This problem has been haunting me for a while but I actually fixed the queries that caused the problems (after I finally found them) but i’m curious if it’s an SQL Process that’s the underlying problem our that our raidcontrollers are shit or what the problem truely is. So here’s the scenario that’s been bothering us.
@ 11:10~ and 01:10~ the server would give these IO errors, even through Remote desktop the servers would fail, management studio would give timeouts, everything would point towards imminent failure of the cluster.
(The servers are identical, we run Windows Server 2012 standard, clustered in an AlwaysOn running SQL Server 2012 Enterprise edition).

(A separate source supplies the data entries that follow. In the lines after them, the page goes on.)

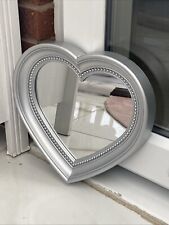Portable Silver Heart Shaped Wall Hanging/Mounted Mirror 31cm H x 33cm L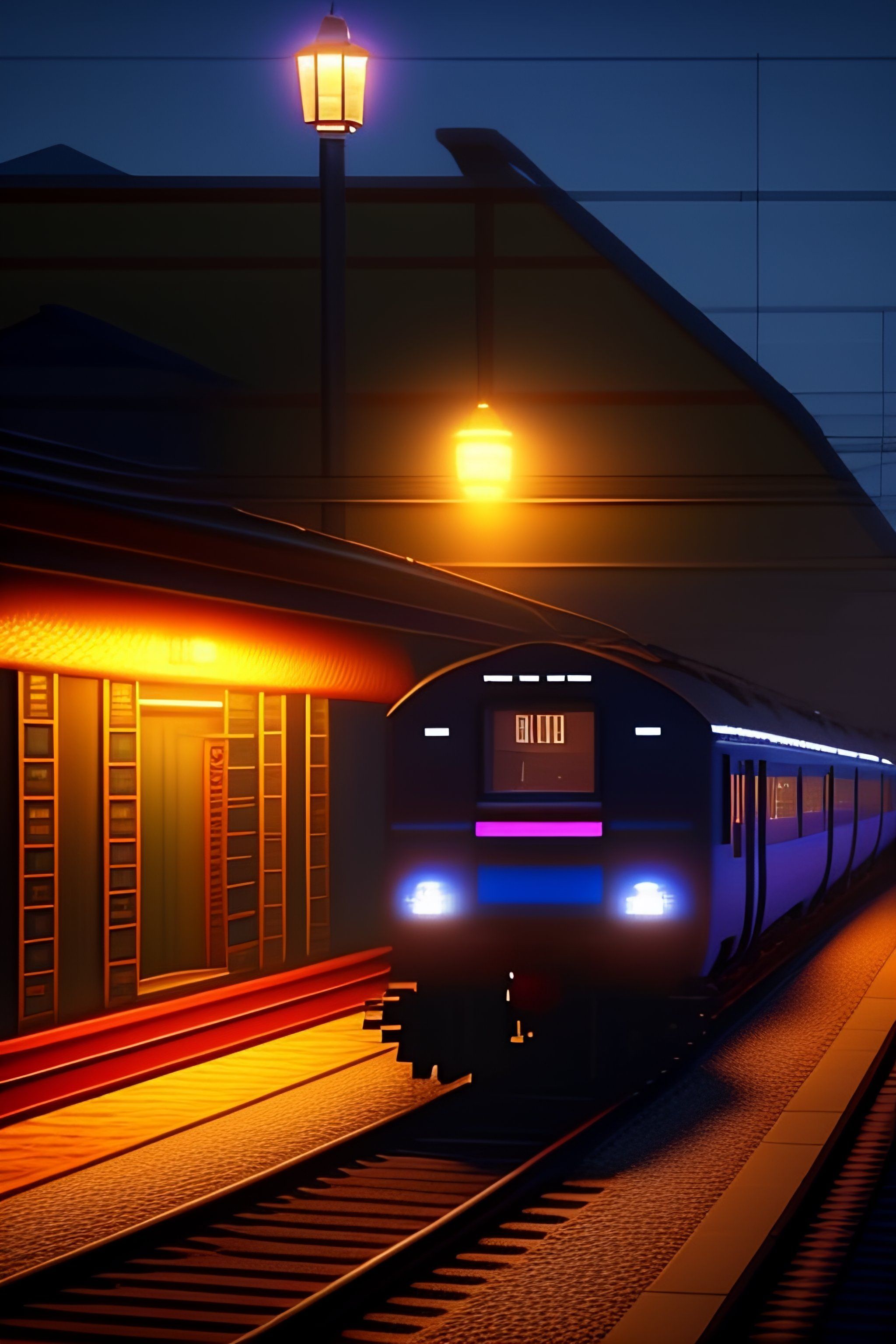 2048x3072 Lexica Train At The Eerie Station At Night, Hyper Realistic Pixel Art
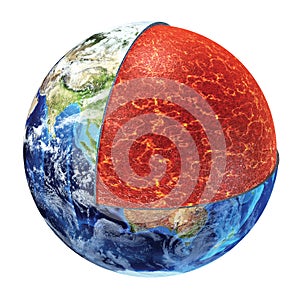Earth cross section. Upper Mantle version. photo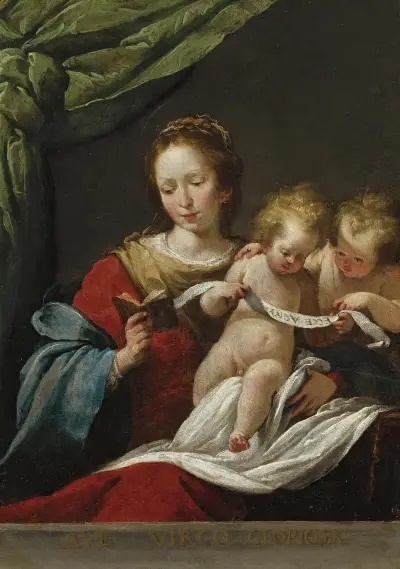 The Madonna Reading, With The Christ Child And Infant Saint John The Baptist av Bernardo Strozzi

Around 5-15 minutes later, the servers would come back to live (without anything in the eventlogs except for the Event ID 833 which is the “well known”: SQL Server has encountered 16870 occurrence(s) of I/O requests taking longer than 15 seconds to complete on file [E:XXXXXXXX.mdf] in database [XXXXX] (10). The OS file handle is 0x0000000000001284. The offset of the latest long I/O is: 0x0000041fb3c000).
Now I was running profilers to find out which queries were running, doing anything I could to figure out what would cause the servers to just freeze up and refuse to service properly. The event log aims towards a specific Database to I searched in that direction and yesterday I found a table that looked odd to me.
The specific table was 11 gigs large, had indexes worth 23 gigs (haven’t looked into those yet but that seemed wrong to me) and had 80 million records. Considering the table should hold around 2 million and be growing relatively slowly this sparked my interested and I found three stored procedures which fill this table.
All three storedprocedures had flaws which made them insert not a few hundred records but over 500.000 each time they ran. (These are now fixed so the issue doesn’t present itself but I feel there is an underlying problem here).
These stored procedures would run @ 09:00 and 23:00 (excatly 2 hours before the problems occurred). The procedures themselves would take around 5 minutes to run to completion.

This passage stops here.